The cost of a no-deal Brexit

Food retailers are waiting to see whether a ‘Brexit deal’ can be reached that keeps costs down for the sector. A full customs union, for example, would maintain the current tariff-free trade enjoyed by the UK and the EU but would limit the UK’s ability to trade unilaterally with other countries.  A free trade agreement (FTA) would be likely to minimise the amount and cost of new tariffs imposed on trade. Though an FTA would still require extra fees from logistics, such as customs declarations, it would also free the UK to make other trade deals.

However, a no-deal Brexit would impose significant costs on food retailers, with varying tariffs for different types of products.
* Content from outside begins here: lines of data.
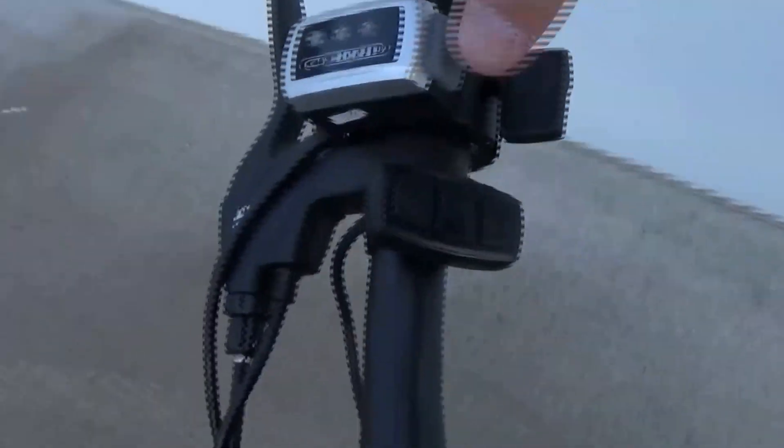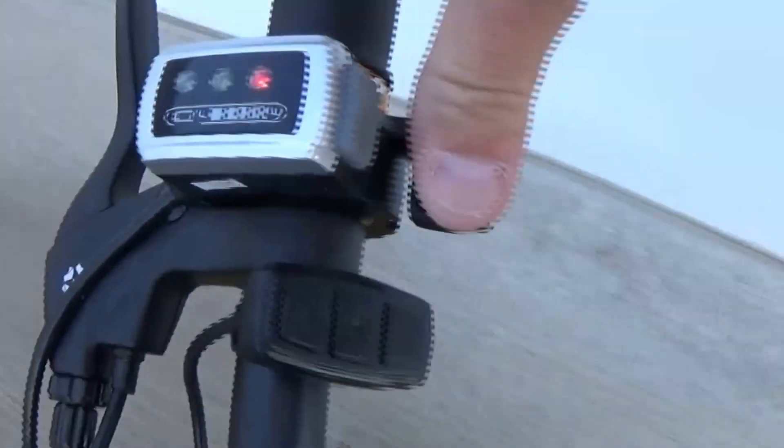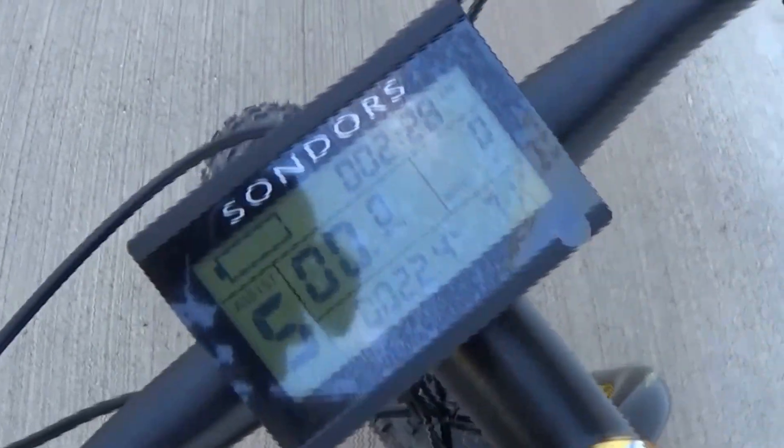I rode it for like two weeks with just the basic setup and I'm almost out of batteries now. Then I got the LCD screen, which is really great — it really boosted the power on the bike. It didn't make it go too much faster but I was able to get up hills.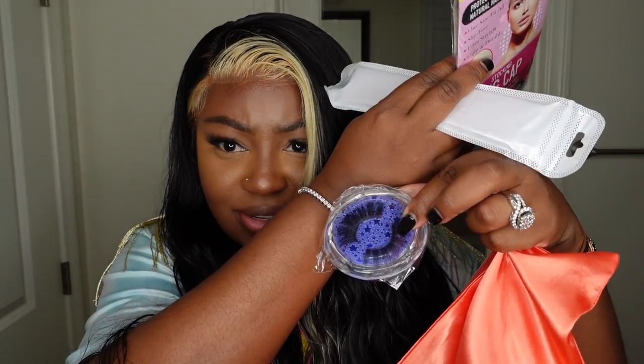Inside, let's see what they gave us — they did give us a pack of wig caps, some lashes, and they also gave us a wig band. It's pink, which is nice and cute. I really like that.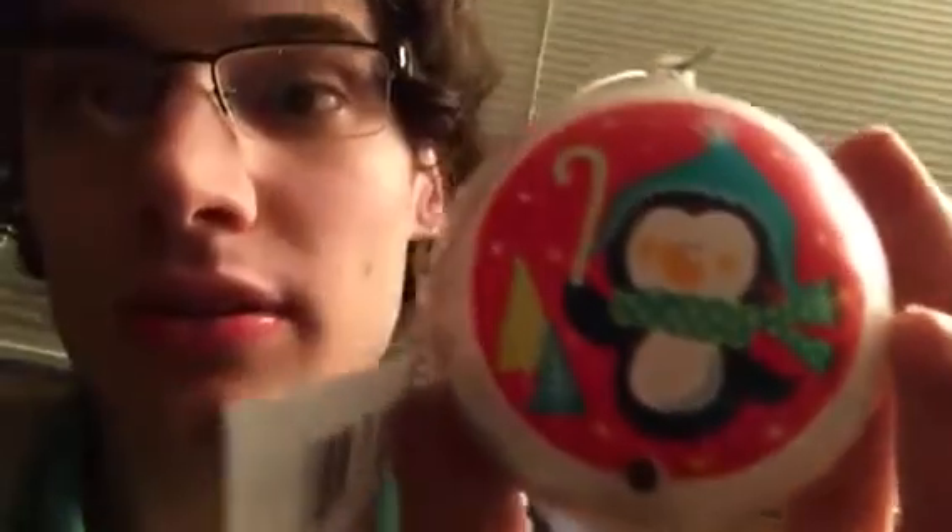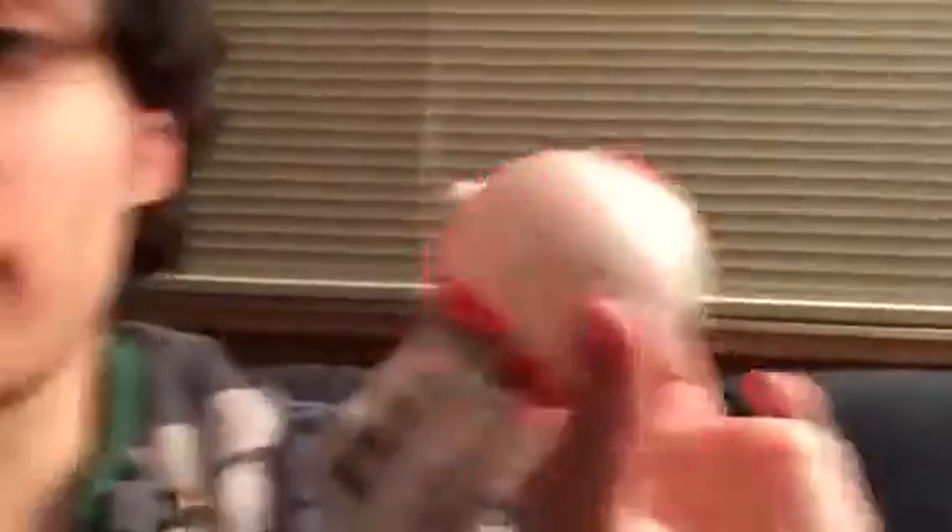Sometimes they will go nonstop. I think if it's in direct light it will never stop going, and they're actually louder than this. This one's quiet because I put tape over the speaker. As long as it's facing light, it won't stop going.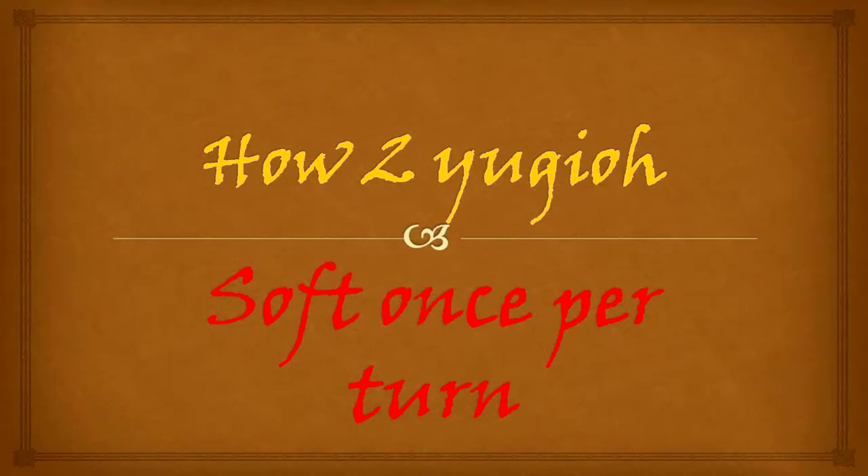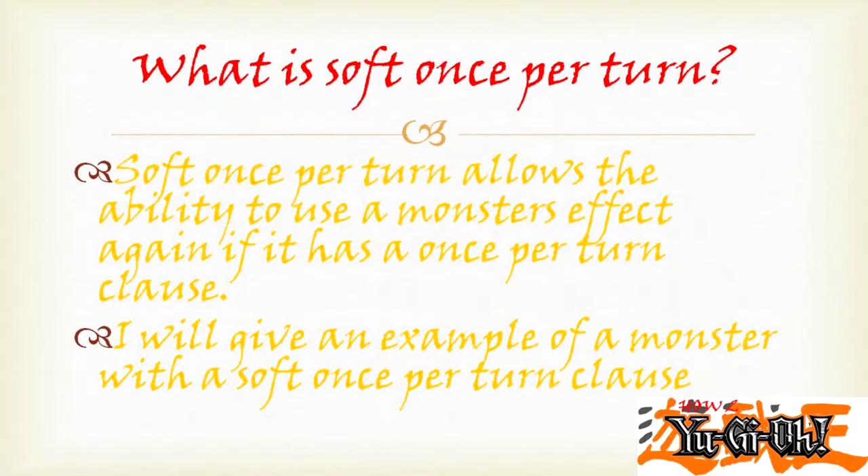How to Yu-Gi-Oh! Soft Once Per Turn — what is Soft Once Per Turn? Soft Once Per Turn allows the ability to use a monster's effect again if it has a Once Per Turn Clause. I will give you an example of a monster with a Soft Once Per Turn Clause.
For example, the Barclays report shows that fully processed food and drink products, such as orange juice, will attract the highest tariff rate of 31% compared to 29.5% for semi-processed food and drink such as white sugar, and 9.7% for primary products and raw materials like bananas.
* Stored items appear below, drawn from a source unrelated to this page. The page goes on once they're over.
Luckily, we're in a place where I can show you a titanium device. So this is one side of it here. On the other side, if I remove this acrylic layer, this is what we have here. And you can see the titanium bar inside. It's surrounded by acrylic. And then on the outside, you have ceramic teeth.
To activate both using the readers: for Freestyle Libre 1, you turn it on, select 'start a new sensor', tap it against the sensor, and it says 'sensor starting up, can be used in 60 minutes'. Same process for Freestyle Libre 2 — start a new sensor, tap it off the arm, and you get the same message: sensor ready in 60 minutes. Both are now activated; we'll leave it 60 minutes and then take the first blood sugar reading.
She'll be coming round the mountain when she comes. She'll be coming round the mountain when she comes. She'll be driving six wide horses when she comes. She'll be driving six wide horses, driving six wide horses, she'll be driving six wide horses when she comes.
Beyond such category based surcharges, some products also attract ‘specific duties’, which are tariffs levied on a per unit basis; that is, by weight or volume. The Barclays report shows specific duties disproportionately target certain products including meat, cereal, olive oil, wine and sugar-based foods. By their nature, these tariffs place a higher burden on lower-value transactions.

Hardest hit will be those products that attract both a category tariff as well as a specific duty tariff, such as frozen beef with a specific duty of 298%. Common cooking products also face steep duties including beef cuts at 101%, cream at 81% and garlic at 71%.

Further costs could also mount under a hard Brexit.  In addition to customs declarations, comes the burden of complying with stringent EU Sanitary and Phytosanitary (SPS) regulations, which could be the equivalent of paying an extra 8% in duty tax on EU food and drink imports.

Backdrop to Brexit

While Brexit is currently the most pressing issue for food retailers, wider consumer trends are also providing new challenges and opportunities. As the pace of life becomes busier, shoppers are visiting stores more often, with trips up 14.3% from 2013 to 2018, but buying less per visit, with average spend down 8.5% during the same period². According to the Barclays report, the convenience sector has been growing at an above-average rate, at 10% over the past four years compared to 7.1% for the industry – and is now worth £40bn³. Likewise, the online food market has grown by an average of 12% since 2010⁴.

At the same time, as wider economic upheaval has pinched household budgets, consumers have turned to discount food retail outlets such as Aldi and Lidl, leading to the ‘Big Four’ facing a nearly 10% decline in market share since 2011. With many food retailers already struggling to adapt to a changing British market, Brexit negotiations could be adding an extra layer of uncertainty.